[Task objective]
An exact copy of all the entries is needed, with no images in it.

**** Working data

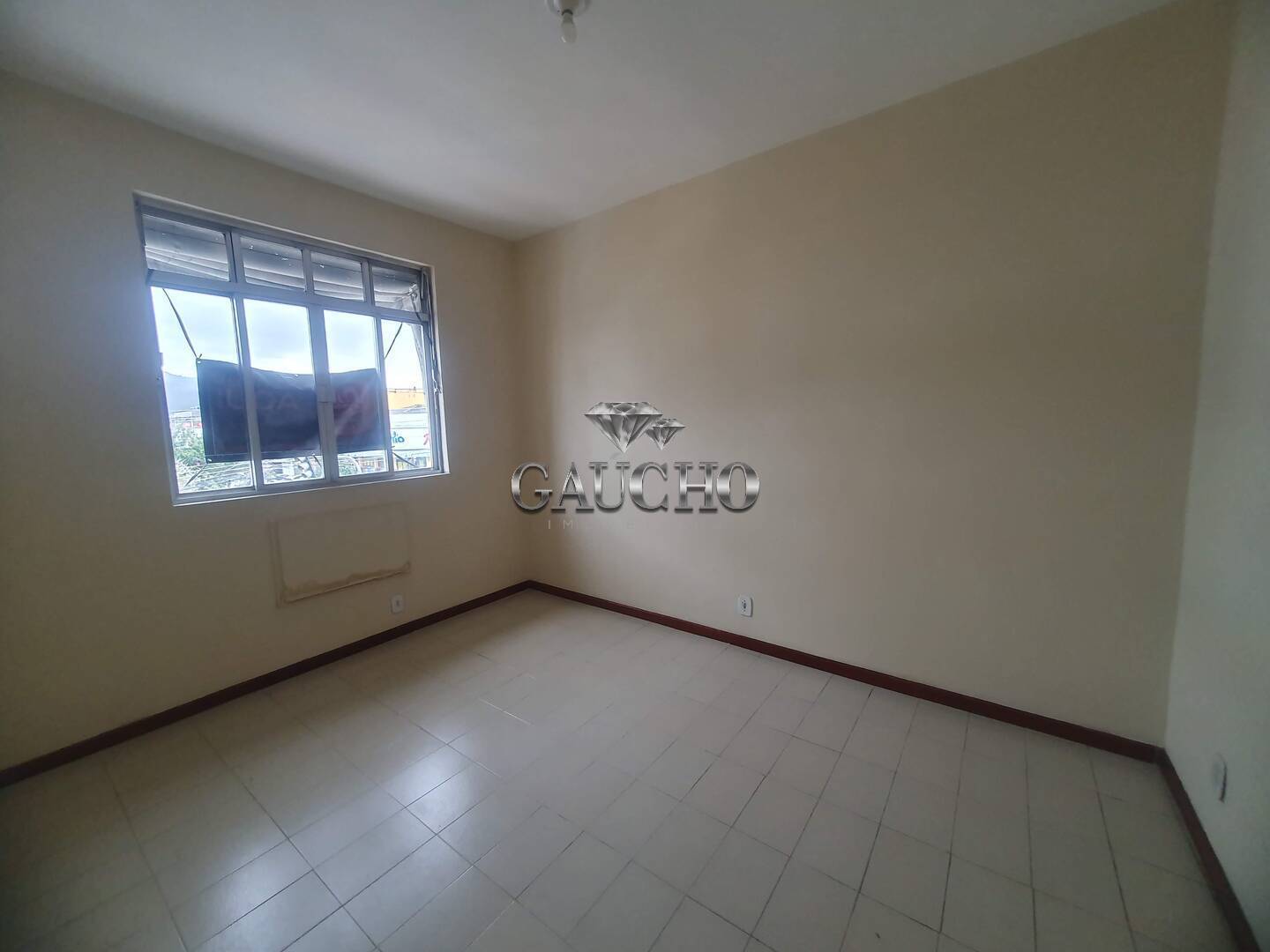 Apartamento à venda com 2 quartos, 86m² - Foto 5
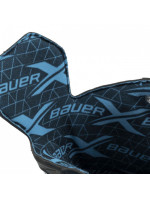 Hokejové brusle Bauer X Sr 1061736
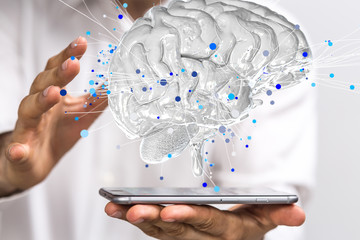 一个活血化瘀的千古名方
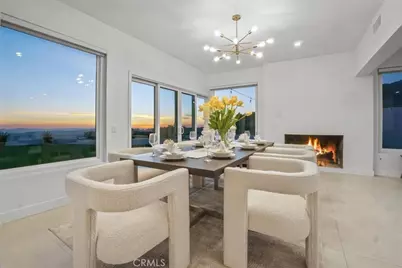 2717 N Mountain Avenue, Claremont, CA 91711 - Photo 21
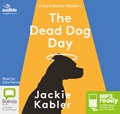 The Dead Dog Day (MP3)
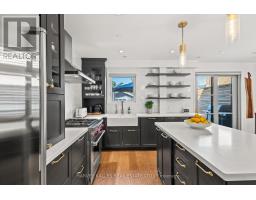 80 Fifth Street, Toronto, ON M8V2Z3 Photo 19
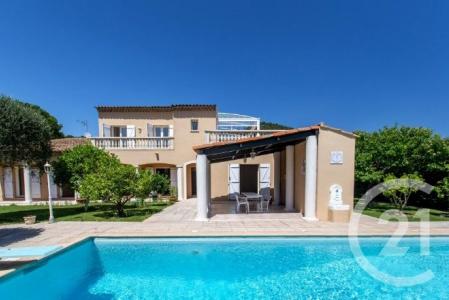 Villefranche Sur Mer, Provence-Alpes-Côte D'Azur 06230, Francia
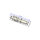 Kit de r&eacute;paration du ma&icirc;tre-cylindre de frein avant MSB-115 Honda VT 600 1100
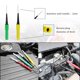thumbnail image 3 of Kit de sonda de prueba ZIBOO 805 para pruebas eléctricas automotrices, 3 of 7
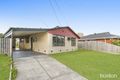 Property photo of 14 Filer Court Keysborough VIC 3173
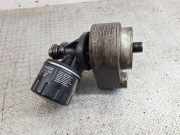 Ölfilterhalter OPEL VIVARO Furgon (F7) 2.0 ECOTEC F026407022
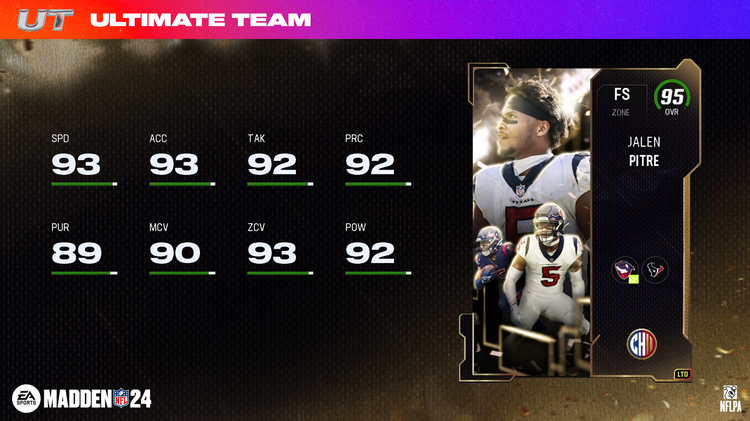 m24ch2-Jalen Pitre - 16x9-oihweowjkpdfp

********

[Exercise solution]
 Apartamento à venda com 2 quartos, 86m² - Foto 5
 Hokejové brusle Bauer X Sr 1061736
 一个活血化瘀的千古名方
 2717 N Mountain Avenue, Claremont, CA 91711 - Photo 21
 The Dead Dog Day (MP3)
 80 Fifth Street, Toronto, ON M8V2Z3 Photo 19
 Villefranche Sur Mer, Provence-Alpes-Côte D'Azur 06230, Francia
 Kit de r&eacute;paration du ma&icirc;tre-cylindre de frein avant MSB-115 Honda VT 600 1100
thumbnail image 3 of Kit de sonda de prueba ZIBOO 805 para pruebas eléctricas automotrices, 3 of 7
 Property photo of 14 Filer Court Keysborough VIC 3173
 Ölfilterhalter OPEL VIVARO Furgon (F7) 2.0 ECOTEC F026407022
 m24ch2-Jalen Pitre - 16x9-oihweowjkpdfp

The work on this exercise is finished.